Problem requirements ::
Repeat the data exactly, please; no pictures belong in the copy.
*** Opening of Collected data ***
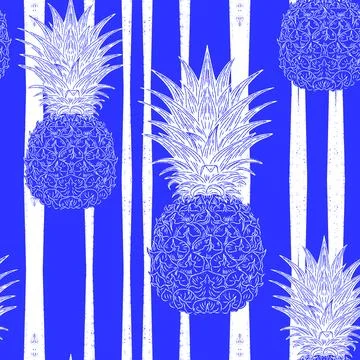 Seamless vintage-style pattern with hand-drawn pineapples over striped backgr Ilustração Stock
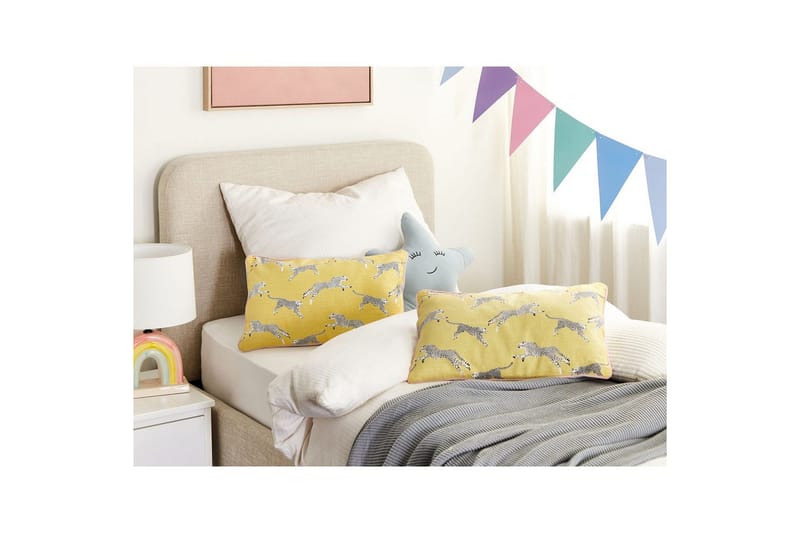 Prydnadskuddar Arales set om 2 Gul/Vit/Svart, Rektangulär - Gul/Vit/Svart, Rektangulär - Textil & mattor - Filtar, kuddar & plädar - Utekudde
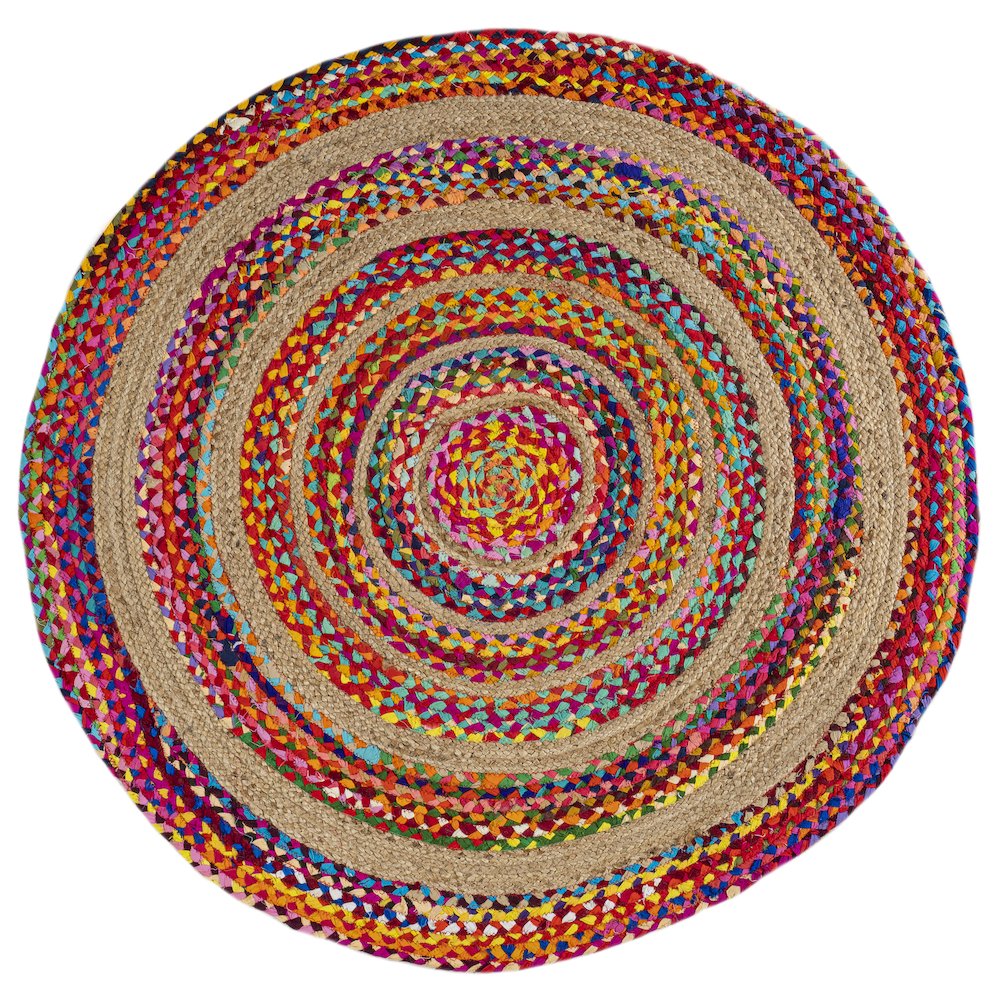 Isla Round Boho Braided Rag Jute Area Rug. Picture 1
*** Close of Collected data ***
Solution to the exercise ::
 Seamless vintage-style pattern with hand-drawn pineapples over striped backgr Ilustração Stock
 Prydnadskuddar Arales set om 2 Gul/Vit/Svart, Rektangulär - Gul/Vit/Svart, Rektangulär - Textil & mattor - Filtar, kuddar & plädar - Utekudde
 Isla Round Boho Braided Rag Jute Area Rug. Picture 1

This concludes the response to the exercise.